Version: 2012; starring Hugh Laurie.
Plot Summary: [from IMDb:] “As a war rages on in the province of Bougainville in Papua New Guinea, a young girl becomes transfixed by the Charles Dickens novel Great Expectations, which is being read at school by the only white man in the village.”
My Review: Disclaimer*: I have not read the original book, so this review will not be comparing it to that novel. Only as a story in and of itself, totally unrelated to the book.
With imagination can come much freedom, but it can also be a dangerous thing. So learns the children from a village in Papua, New Guinea during civil war and uncertain times during the 1980’s.
I have to be honest, I did not know what sort of movie this was going to be when I sat down to watch it one Sunday evening. It certainly wasn’t what I expected, and I was not prepared for the gravity and rawness of it. At first it did not make much sense to me; I wondered if I was watching some kind of abstract story whose symbolism escaped me. But I’m glad I kept with the movie, and didn’t turn it off when things got tough. The early parts of the story that did not make sense at first eventually are put together in the end.
This film won’t be for everyone. Even though the most violent actions taken by some of the characters are hidden from our direct view, we still know what is going on.
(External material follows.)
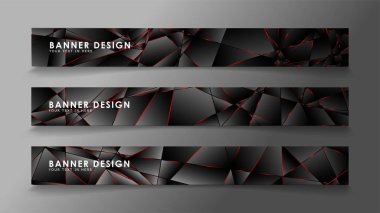 Kare afiş vektör koleksiyonu . Lüks koyu poligonal desen li ve kırmızı üçgen çizgileri olan siyah premium arka plan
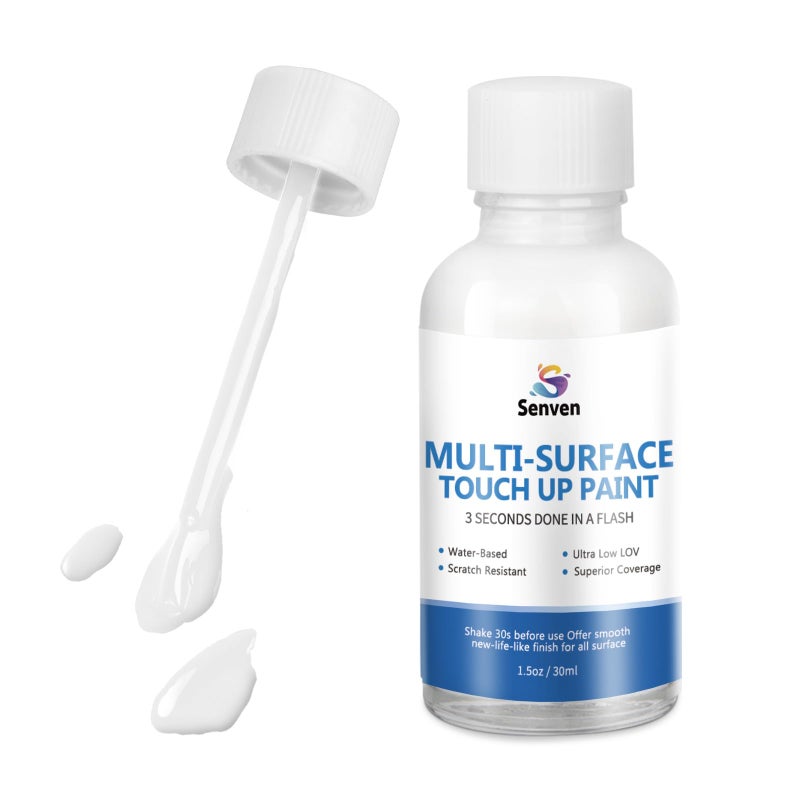 SENVEN White Touch Up Paint High-Gloss Multi Surface Acrylic White Touch Up Paint Pen Scratch Repair for Metal,Walls,Cabinets,Appliances,Wood,Door,Furniture,Enamel 1.5 Fl Oz - Image 1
It made me want to upchuck at times. I had to pause it at one point and just cry because of what was happening. But I couldn’t give up on continuing. I don’t know why. I don’t think this was a biographical drama, though I’m sure it was historically based, and looking the book up on goodreads informed me this was an original story. But I was so drawn into the characters and their lives, that it felt so real. Things like this do happen around the world. I don’t want to blind myself to what is reality for many people. It’s terrible to think of, but I’m thankful for what I do have while I yet have it where I live.
On a lighter note, one of my favorite parts was watching Mr. Watts (Hugh Laurie) read Charles Dickens’ Great Expectations to a bunch of children who had never heard anything like it. He doesn’t just read the tale, but brings it to life by using his past theater skills to dramatize the dialogue. Doing such a simple thing brings much joy for the children of the village during an otherwise scary time. The main character, Mathilda, is able to identify so completely with the character of Pip, that the story becomes both a friend and refuge for her in hard times.
This a deep film, and very thought provoking. So much so that my poor pea-sized mind probably wouldn’t get to the bottom of it by itself without intellectuals to discuss it with. There isn’t any gratuitous sex scenes, though a woman is raped. Others are killed in the most brutal fashion and someone is shot at point-blank several times. There is one scene in which some women talk dirty, and I believe there was some bad language used by some of the soldiers. It is learned that a married man commits adultery, but never shown.
This movie definitely isn’t going to be one of those feature films to sit down and watch with Grandma on Christmas. But for those who are interested, it would be a good idea to be prepared for harsh reality and violence. I thought it was a good movie, and would recommend it for mature audiences.